Your objective:
Pictures are to be left out; every line from the one that holds "an older woman" to the end of the data is to be retyped exactly.

Supplied information:
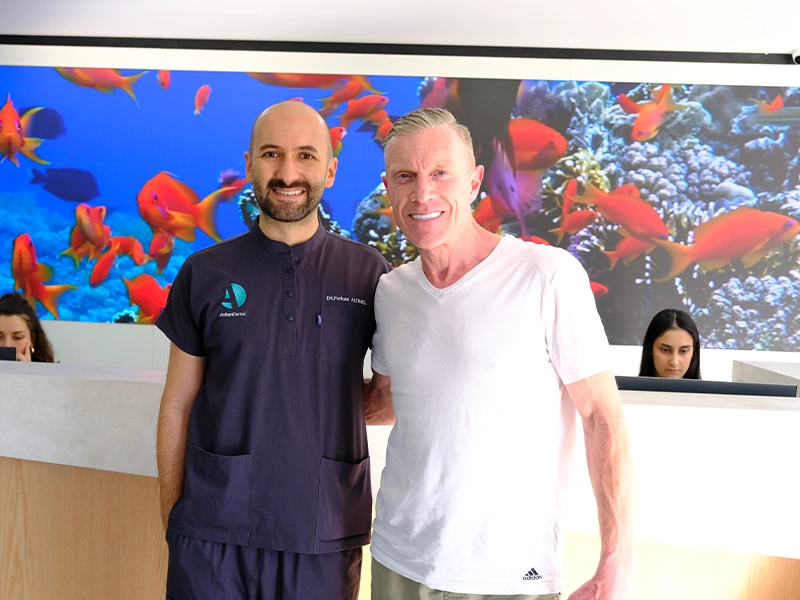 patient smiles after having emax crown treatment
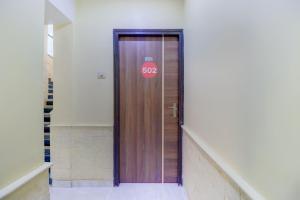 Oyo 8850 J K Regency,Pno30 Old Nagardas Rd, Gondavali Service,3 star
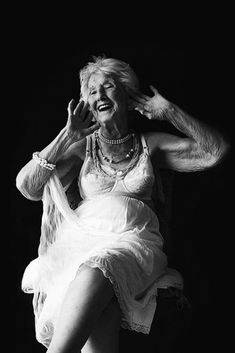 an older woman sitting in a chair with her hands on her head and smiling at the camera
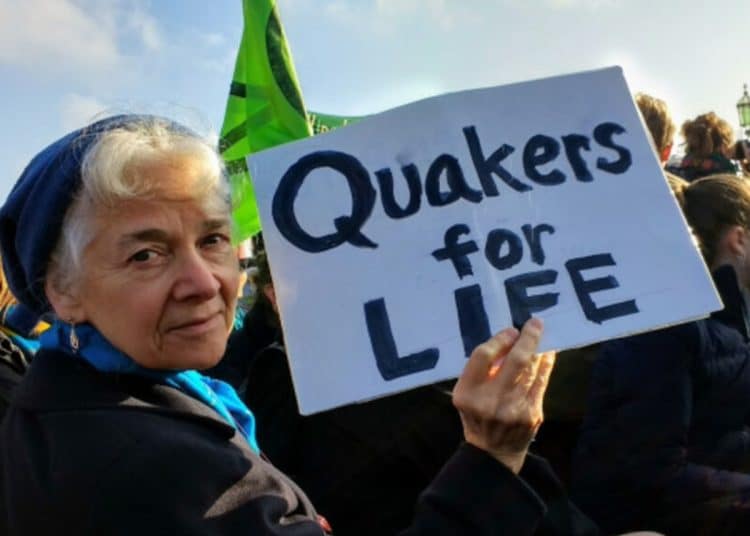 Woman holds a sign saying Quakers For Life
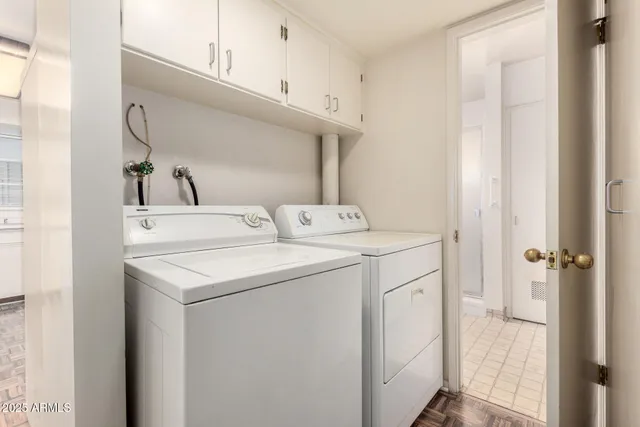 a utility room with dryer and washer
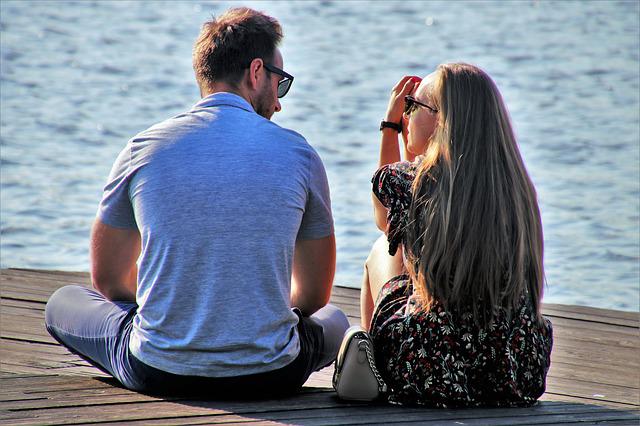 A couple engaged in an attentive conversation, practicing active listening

Output:
 an older woman sitting in a chair with her hands on her head and smiling at the camera
 Woman holds a sign saying Quakers For Life
 a utility room with dryer and washer
 A couple engaged in an attentive conversation, practicing active listening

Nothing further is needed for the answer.